Adam Sandler swings and misses as the titular golfer in Netflix's "Happy Gilmore 2." Credit: Netflix / Scott Yamano

MOVIE "Happy Gilmore 2"

WHERE Netflix

WHAT IT’S ABOUT After nearly 30 years, Adam Sandler delivers a sequel to his much-loved 1996 comedy "Happy Gilmore." The Netflix film finds Sandler returning in the title role of a hopeless hockey player who brought his working-class rage to the polite sport of golf. Today, he’s a widower supporting five children on a supermarket clerk’s salary. Hoping to send his talented daughter Vienna (Sunny Sandler, the star’s real-life kid) to an expensive French ballet school, Gilmore reenters the golf game — only to find that the sport is under threat from a new generation of unscrupulous players.

MY SAY "Happy Gilmore" is one of the great cult comedies, almost as quotable as "Airplane!" or "Caddyshack." (If you’re a fan, you’re thinking of the famous "breakfast" routine right now.) Sandler was perfectly suited to the part — a tantrum-prone toddler in a grown man’s body — and he surrounded himself with supporting actors whose roles became semilegendary, notably Carl Weathers as the one-handed golf instructor Chubbs, Christopher McDonald as the cocky Shooter McGavin and Bob Barker as a foulmouthed version of himself.

So it’s no overstatement to say that "Happy Gilmore 2” is an event. (Perhaps you’ve seen the excitable coverage on ESPN or the Subway sandwich ads starring McDonald and golfer Bryson DeChambeau.) At the same time, we all know that Sandler is the most wildly inconsistent star in Hollywood. Remember when he generated Oscar buzz for his performance in the searing drama "Uncut Gems" (2019), then followed up with the 2020 abysmal comedy "Hubie Halloween"?

Judged solely by its number of cameos, "Happy Gilmore 2” would be a success. All the Sandler regulars are here, including Kevin Nealon and Rob Schneider.  (Director Kyle Newacheck and Sandler's co-writer, Tim Herlihy, are regulars as well.) Bad Bunny (credited under his real name, Benito Antonio Martínez Ocasio) plays Oscar, a busser who becomes Gilmore’s caddie. Top-ranked golfer Scottie Scheffler upends his nice-guy image, while PGA champ John Daly plays the Gilmore family’s disheveled human pet ("Don’t forget to feed John Daly three times a day," Gilmore tells the kids). You want more?

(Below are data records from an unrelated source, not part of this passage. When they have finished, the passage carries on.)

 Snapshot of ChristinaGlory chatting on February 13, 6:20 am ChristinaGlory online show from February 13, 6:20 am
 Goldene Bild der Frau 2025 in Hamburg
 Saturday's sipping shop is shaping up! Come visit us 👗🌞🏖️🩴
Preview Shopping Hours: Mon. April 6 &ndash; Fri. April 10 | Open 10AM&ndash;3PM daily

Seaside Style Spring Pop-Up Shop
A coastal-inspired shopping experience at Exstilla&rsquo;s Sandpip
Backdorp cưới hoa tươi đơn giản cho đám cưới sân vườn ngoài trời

How about Eminem, Post Malone, Guy Fieri, Travis Kelce and — rather oddly — Margaret Qualley? It’s as if Sandler cast the film by email blast.

And almost nothing here is funny. Ben Stiller returns as Hal, the abusive orderly, now the abusive leader of an AA group. (Those jokes get a little queasy, though Hal has written a self-help book amusingly titled "My Struggle Against Unfairness"). Benny Safdie, who directed Sandler in "Uncut Gems," plays Frank Manatee, leader of Maxi Golf, an MMA-inspired version of the sport; his bad breath is a running gag. (Also oddly, Haley Joel Osment is his star player, Billy Jenkins.) Saddest of all is McDonald’s Shooter, one of the best heavies in comedy history, here utterly wasted. He’s now an escaped lunatic who suddenly mends fences with Gilmore and joins the team.

For all the callbacks, this sequel has none of the original’s rabble-rousing spirit. It’s odd to find Gilmore fighting to save the soul of traditional golf from the Maxi bros. Aren’t they exactly the kinds of disrupters Gilmore used to be? It’s a somewhat cranky and curmudgeonly premise, rather as if the Delta Tau Chis of "Animal House" had suddenly become the honor keepers of the Greek system. Who wants a comedy about a sense of reverence?

As one sportscaster observes during a low moment, Gilmore "took all that goodwill and basically set it on fire." Well said. You’d be better off re-watching the 1996 original, which is right next to this one in your Netflix queue and departs the streaming service on Aug. 1.

BOTTOM LINE Sandler’s sequel to his hole-in-one comedy is an unfortunate slice into the sand.